------ Task input ------

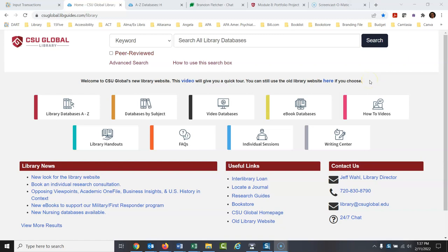Your assignment is to write a paper on something related to your profession and opportunities or challenges within it that you're going to face in the next few years or currently. You have to use as resources articles, books, etc. that you find through the library website — by searching the library's databases. You know, this pesky requirement.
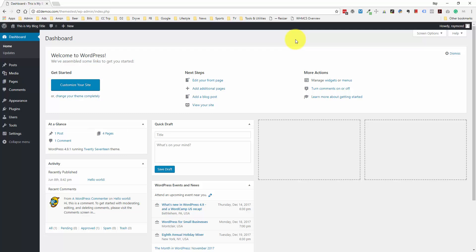Hello everyone, Ray Dalvecchio here. We're going to get into part two of the WordPress basics tutorial where we will talk about the media upload section and the theme section, and how you can customize your design using themes.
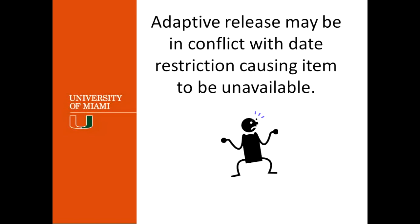Now, the adaptive release, it's one of the options that you have to release material. But there's also the date restrictions when you edit or when you create an item. And if you set up a date range when you create an item, when you edit the item, it could be in conflict with the adaptive release because there are two separate options that you have for an item. So you have to make sure that they're matching. Usually when you set up the adaptive release, the date restriction for the item matches it. But if you set up the document first with a date range and then go to the adaptive release and set up a different date range, that might be a conflict and the document might not be available to the students.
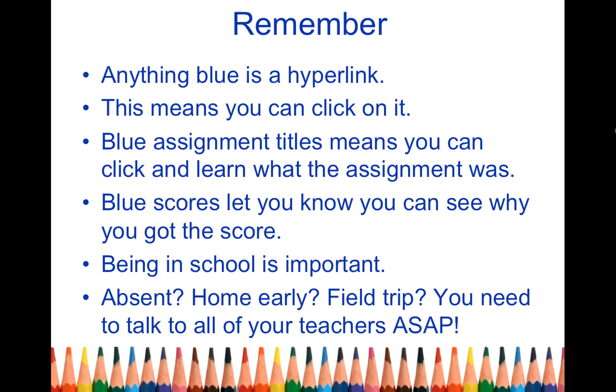And it's your responsibility to make sure you talk to your teachers and get everything that you need. So again, if you need my help, come find me. I'm always available to help you and I am more than happy to assist you. Have a great day.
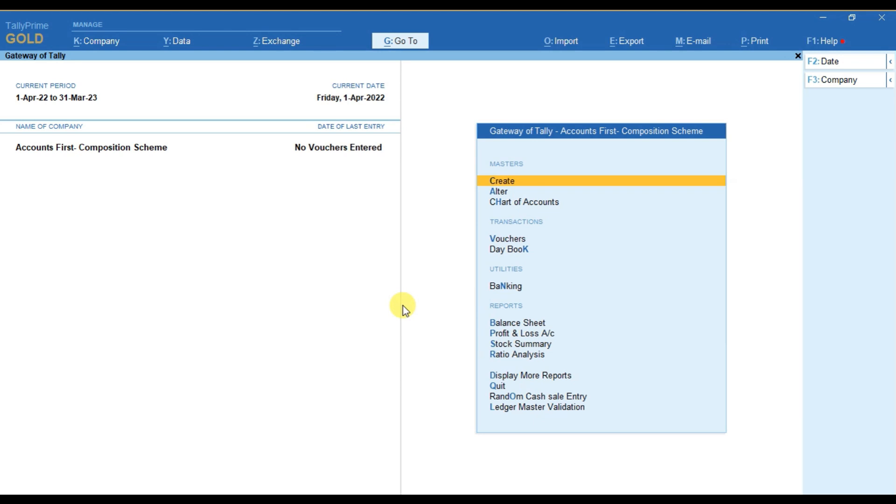As we know that a composition dealer is not eligible for any ITC on his purchase, so for that we have to configure it separately in Tally.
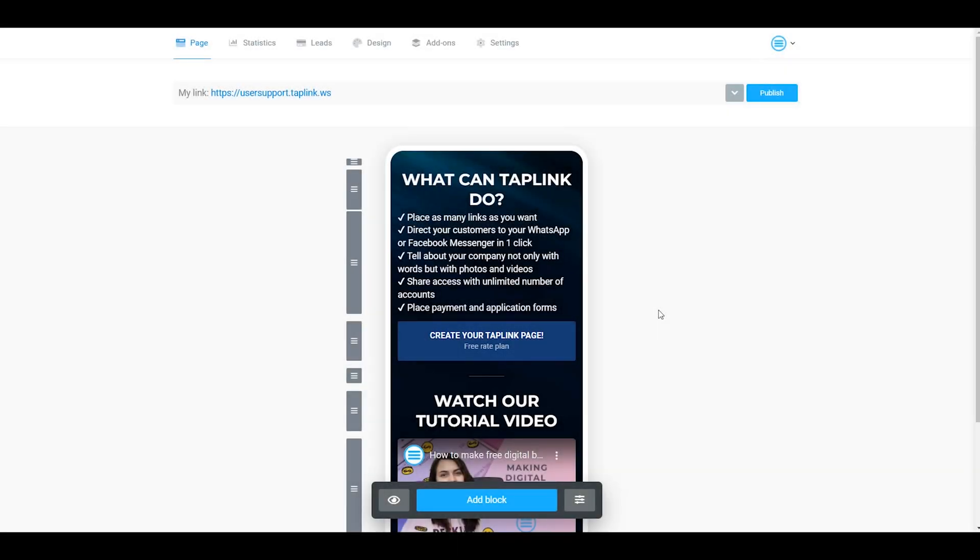Hi guys, it's Taplink team here and in today's video we'd like to show you how you can connect your Taplink page to Google Analytics.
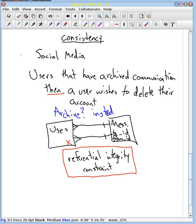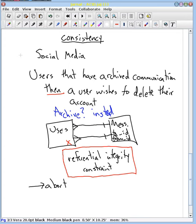But if we didn't archive, what would our webpage look like? How would we display who that message was to or from? Well, we couldn't. So this consistency property makes sure that if we try to violate some referential integrity constraint — or any other constraint we put in the system — it's going to result in aborting the transaction. If violated, then we abort.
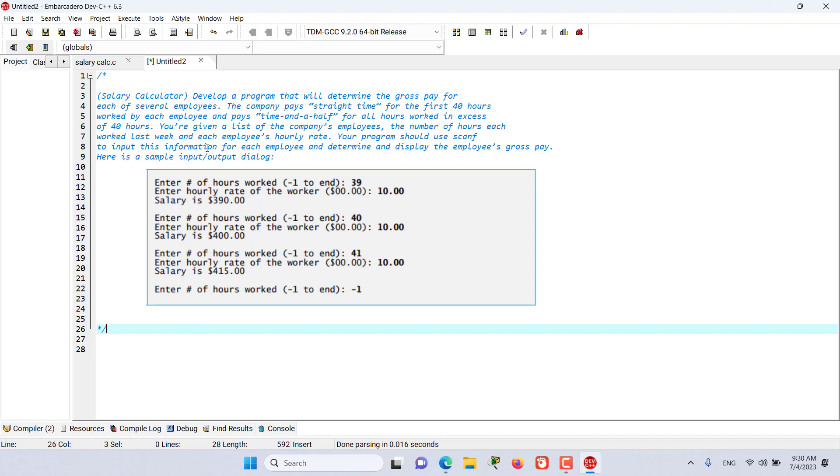So, develop a program that will determine the gross pay for each of several employees. The company pays straight time for the first 40 hours worked by each employee and pays time and a half for all hours worked in excess of 40 hours.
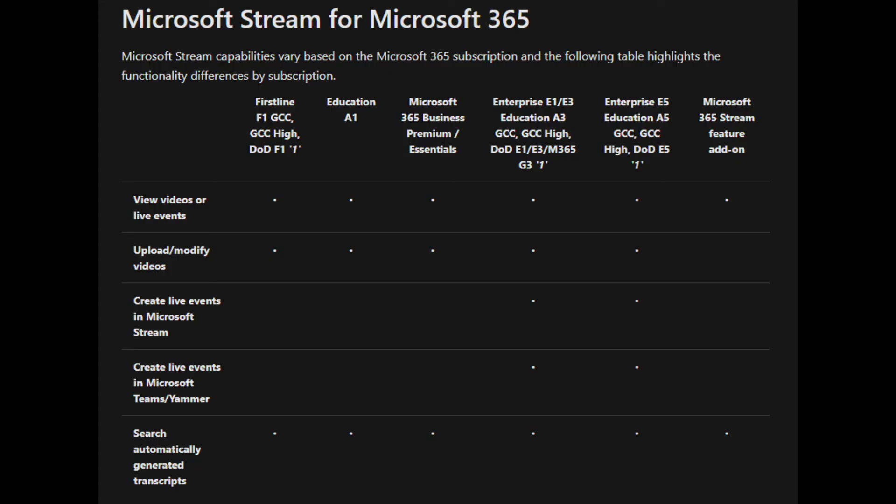Stream is already included in many of the Microsoft 365 plans. It's in F1, A1, Microsoft 365 Business Premium and Essentials. With Enterprise E1, E3, and E5, you get a lot more functionalities.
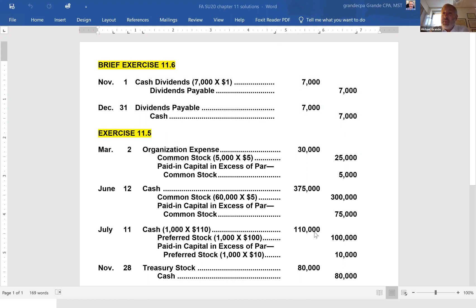On December 31st, they make the payment. They're going to decrease the liability and reduce cash by $7,000. Very straightforward problem.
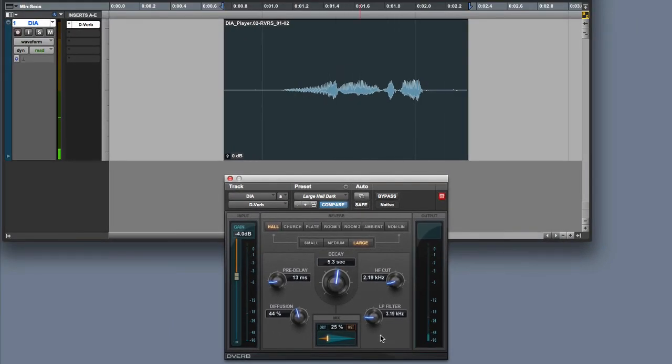That's all we need to do. The great thing about real-time plugins is that we can always come back and change the settings later.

------

▶ **Exercise**
Please write out all of the data verbatim, with no pictures in the copy.

▶ **Answer section**
Your assignment is to write a paper on something related to your profession and opportunities or challenges within it that you're going to face in the next few years or currently. You have to use as resources articles, books, etc. that you find through the library website — by searching the library's databases. You know, this pesky requirement.
Hello everyone, Ray Dalvecchio here. We're going to get into part two of the WordPress basics tutorial where we will talk about the media upload section and the theme section, and how you can customize your design using themes.
Now, the adaptive release, it's one of the options that you have to release material. But there's also the date restrictions when you edit or when you create an item. And if you set up a date range when you create an item, when you edit the item, it could be in conflict with the adaptive release because there are two separate options that you have for an item. So you have to make sure that they're matching. Usually when you set up the adaptive release, the date restriction for the item matches it. But if you set up the document first with a date range and then go to the adaptive release and set up a different date range, that might be a conflict and the document might not be available to the students.
And it's your responsibility to make sure you talk to your teachers and get everything that you need. So again, if you need my help, come find me. I'm always available to help you and I am more than happy to assist you. Have a great day.
As we know that a composition dealer is not eligible for any ITC on his purchase, so for that we have to configure it separately in Tally.
Hi guys, it's Taplink team here and in today's video we'd like to show you how you can connect your Taplink page to Google Analytics.
But if we didn't archive, what would our webpage look like? How would we display who that message was to or from? Well, we couldn't. So this consistency property makes sure that if we try to violate some referential integrity constraint — or any other constraint we put in the system — it's going to result in aborting the transaction. If violated, then we abort.
So, develop a program that will determine the gross pay for each of several employees. The company pays straight time for the first 40 hours worked by each employee and pays time and a half for all hours worked in excess of 40 hours.
Stream is already included in many of the Microsoft 365 plans. It's in F1, A1, Microsoft 365 Business Premium and Essentials. With Enterprise E1, E3, and E5, you get a lot more functionalities.
On December 31st, they make the payment. They're going to decrease the liability and reduce cash by $7,000. Very straightforward problem.
That's all we need to do. The great thing about real-time plugins is that we can always come back and change the settings later.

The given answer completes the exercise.